Start of Recorded data
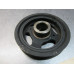 08Y102 Crankshaft Pulley From 2011 Nissan Juke  1.6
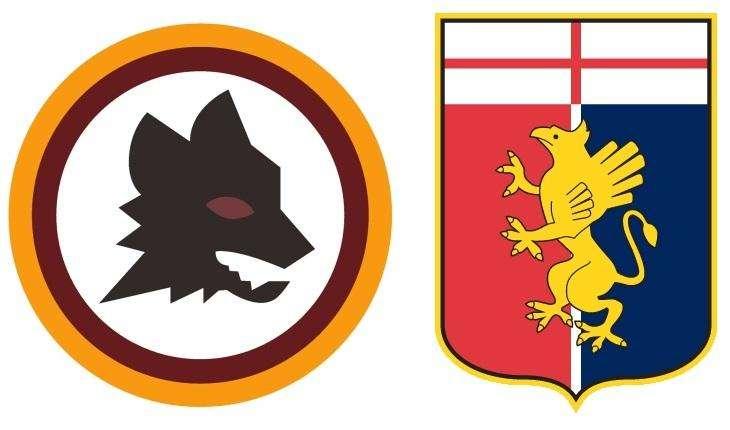 Calciomercato: Roma e Genoa scambio di pedine?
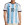 Camiseta adidas Messi Argentina 2022 2023 - Camiseta adidas de la primera equipación de Argentina de Messi 2022 2023 - blanca, azul celeste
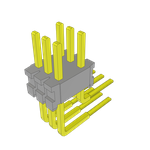 TMS-103-03-G-D-RA TMS-103-03-G-D-RA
End of Recorded data
▶ [How to complete this task]: Keep pictures out and return the lines from the one containing "Camiseta adidas Messi" through the end of the listing, both included, character for character.

▶ [Written response]:
 Camiseta adidas Messi Argentina 2022 2023 - Camiseta adidas de la primera equipación de Argentina de Messi 2022 2023 - blanca, azul celeste
 TMS-103-03-G-D-RA TMS-103-03-G-D-RA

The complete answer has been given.